Enable _int_mm on Intel GPU #157769

xiaowangintel · 2025-07-08T02:54:49Z

Moativation

This PR is used to enable _int_mm on Intel GPU. And _int_mm is used by int8 quantization on torchao.

Model Test Result:

We run meta-llama/Llama-3.1-8B-Instruct on Intel GPU and A100 using torchao int8-dynamic-quantization. The model configs as below:
Precision : torch.bfloat16
quantization configuration : Int8DynamicActivationInt8WeightConfig
dataset : wikitext

Result:
The perplexity values for Intel GPU and A100 are 9.582953453063965 and 9.57755184173584, respectively.
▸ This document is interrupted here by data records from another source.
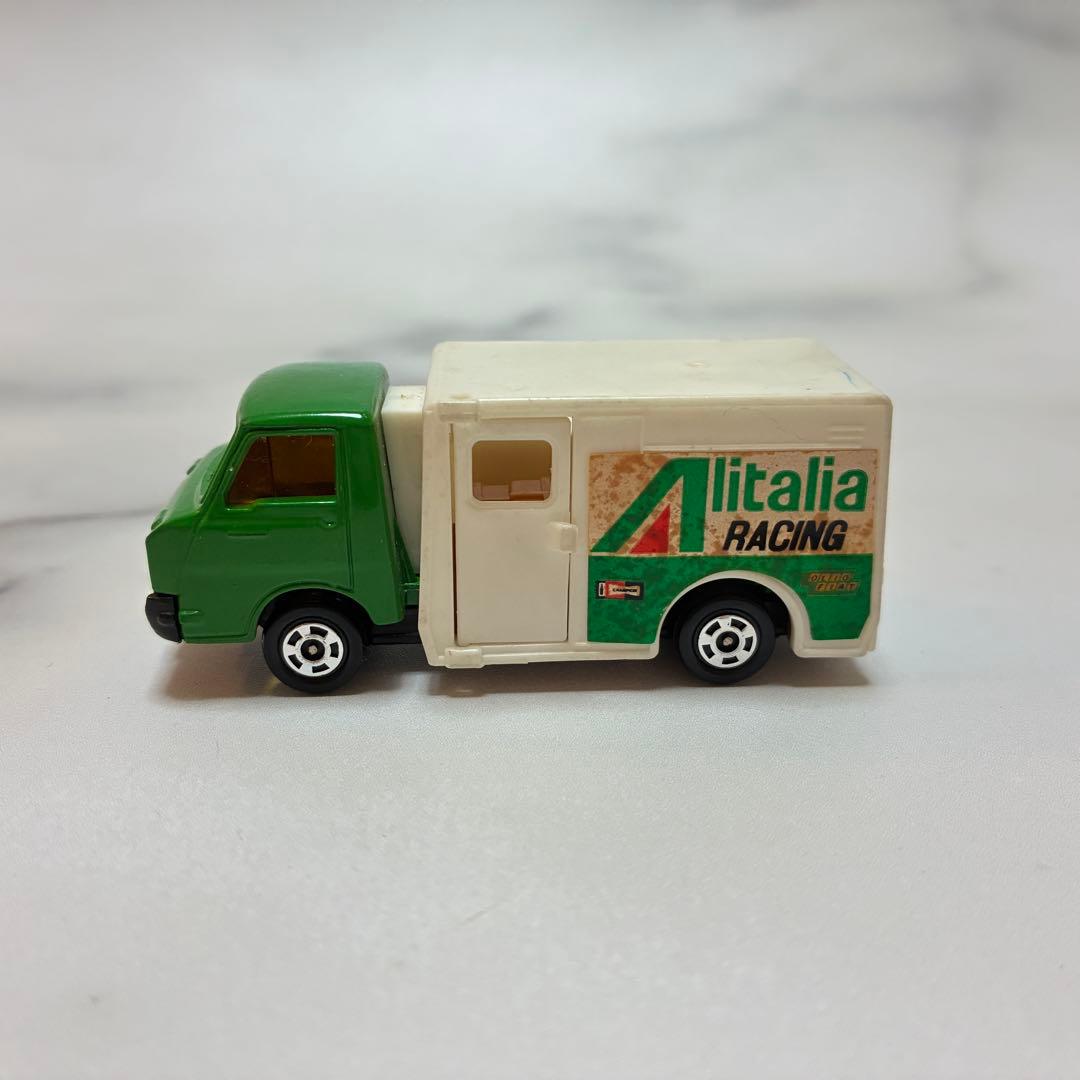 いすゞ エルフ FF マイパックとLANCIA STRATOS HFのセット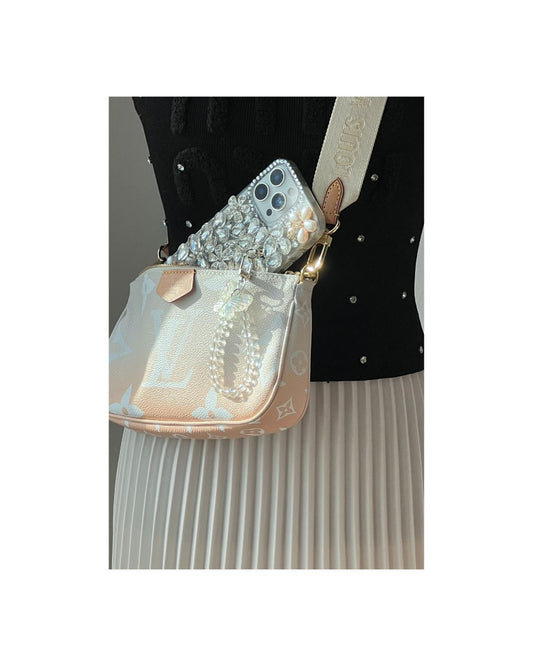 Crystal Bloom Case Pure Elegance Pure Sparkle.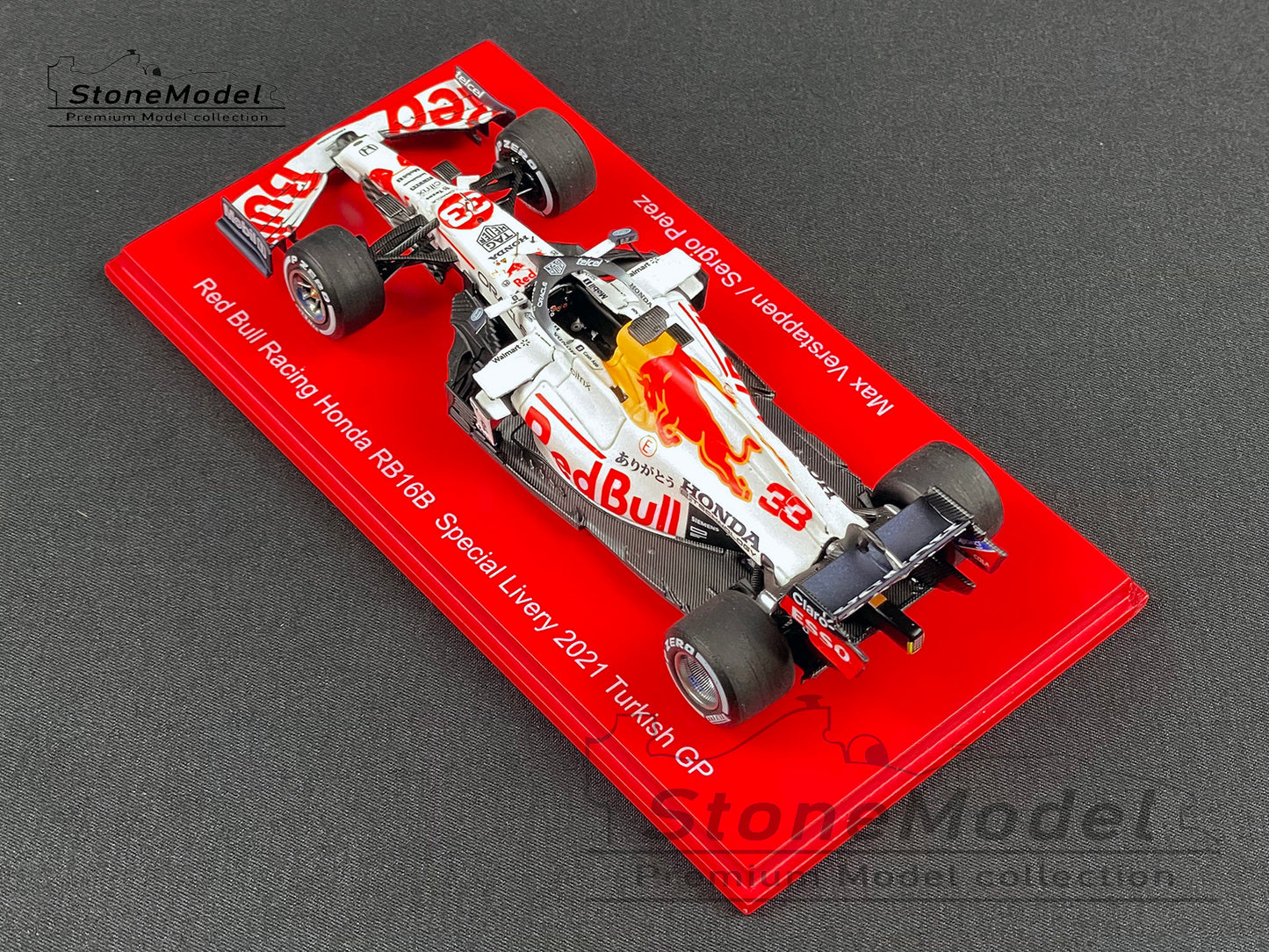 2021 F1 World Champion #33 Max Verstappen & #11 Sergio Perez RB16B Turkish GP 2021 1:43 Spark Figure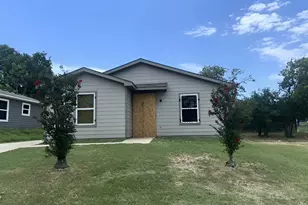 1504 Avenue D, Fort Worth, TX 76104 - Photo 1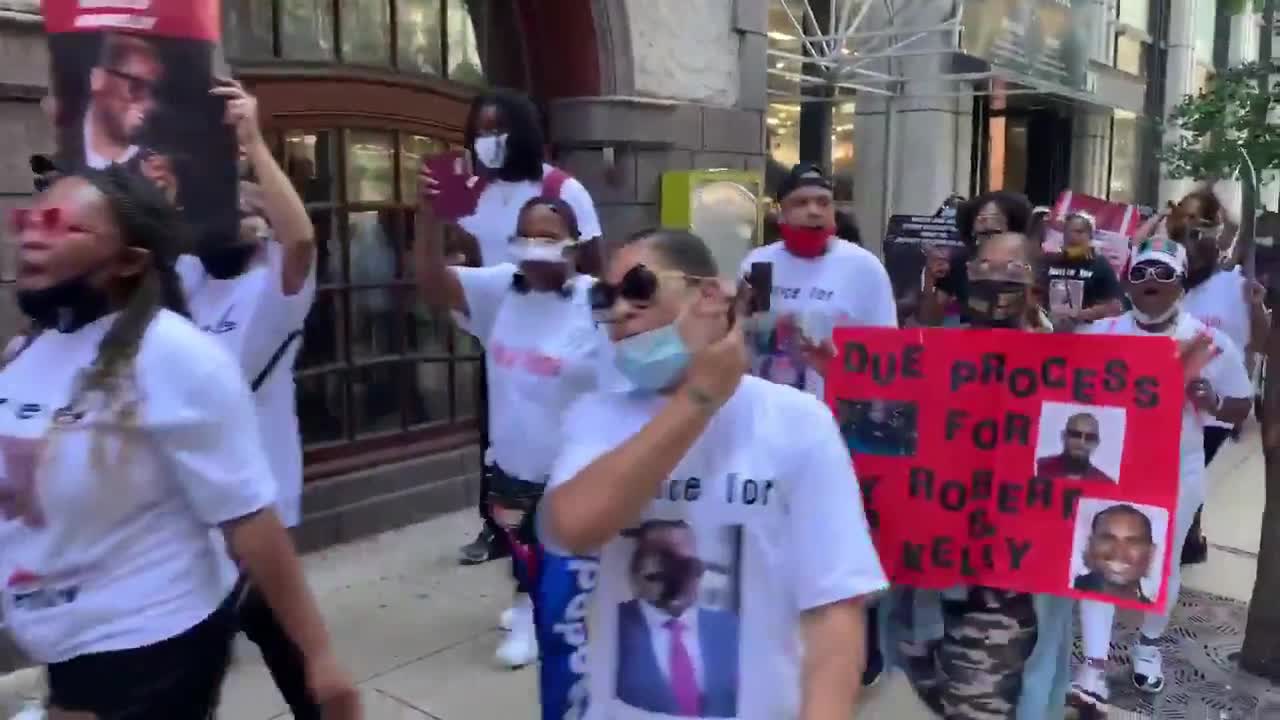 Free R. Kelly Protesters March In Chicago At The Same TIme As "Save The Children" Rally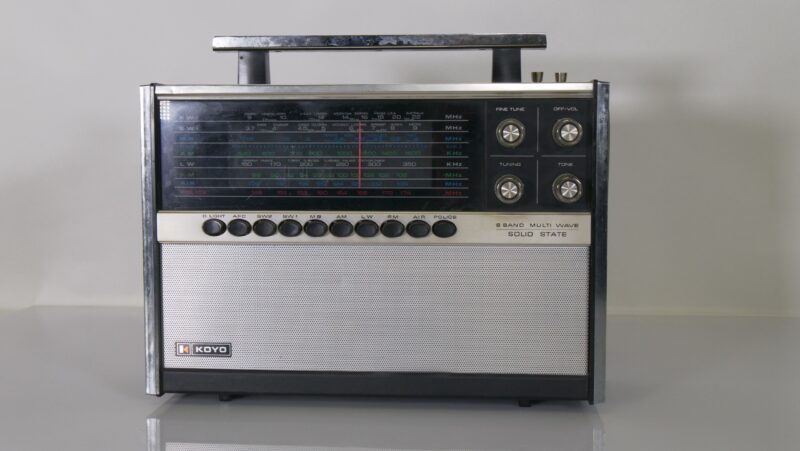 Vintage Koyo 8-Band Multi Wave Solid State Wereldradio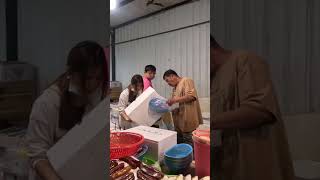 手背粗 烏魚子登場 流口水了 中彰海龍王 竹東市場 Amazing seafood auction, crazy price, #freshseafood 2 MP4 7 12 02 2024 Dec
cc @jgong5 @mingfeima @XiaobingSuper @sanchitintel @ashokei @jingxu10 @jerryzh168 @voznesenskym @penguinwu @EikanWang @Guobing-Chen @zhuhaozhe @blzheng @wenzhe-nrv @jiayisunx @ipiszy @chenyang78 @kadeng @muchulee8 @amjames @chauhang @aakhundov @coconutruben

pytorch-bot · 2025-07-08T02:54:53Z

🔗 Helpful Links

🧪 See artifacts and rendered test results at hud.pytorch.org/pr/157769

📄 Preview Python docs built from this PR
📄 Preview C++ docs built from this PR
❓ Need help or want to give feedback on the CI? Visit the bot commands wiki or our office hours

Note: Links to docs will display an error until the docs builds have been completed.

✅ You can merge normally! (2 Unrelated Failures)

As of commit e511d78 with merge base 255a04b ():

FLAKY - The following job failed but was likely due to flakiness present on trunk:

xpu / linux-jammy-xpu-2025.1-py3.9 / test (default, 4, 6, linux.idc.xpu) (gh) (disabled by #159334 but the issue was closed recently and a rebase is needed to make it pass)
dynamo/test_package.py::TestPackage::test_automatic_dynamo_autotune_cache_device_xpu

UNSTABLE - The following job is marked as unstable, possibly due to flakiness on trunk:

pull / linux-jammy-py3_9-clang9-xla / test (xla, 1, 1, linux.12xlarge, unstable) (gh) (#158876)
sccache: error: couldn't connect to server

This comment was automatically generated by Dr. CI and updates every 15 minutes.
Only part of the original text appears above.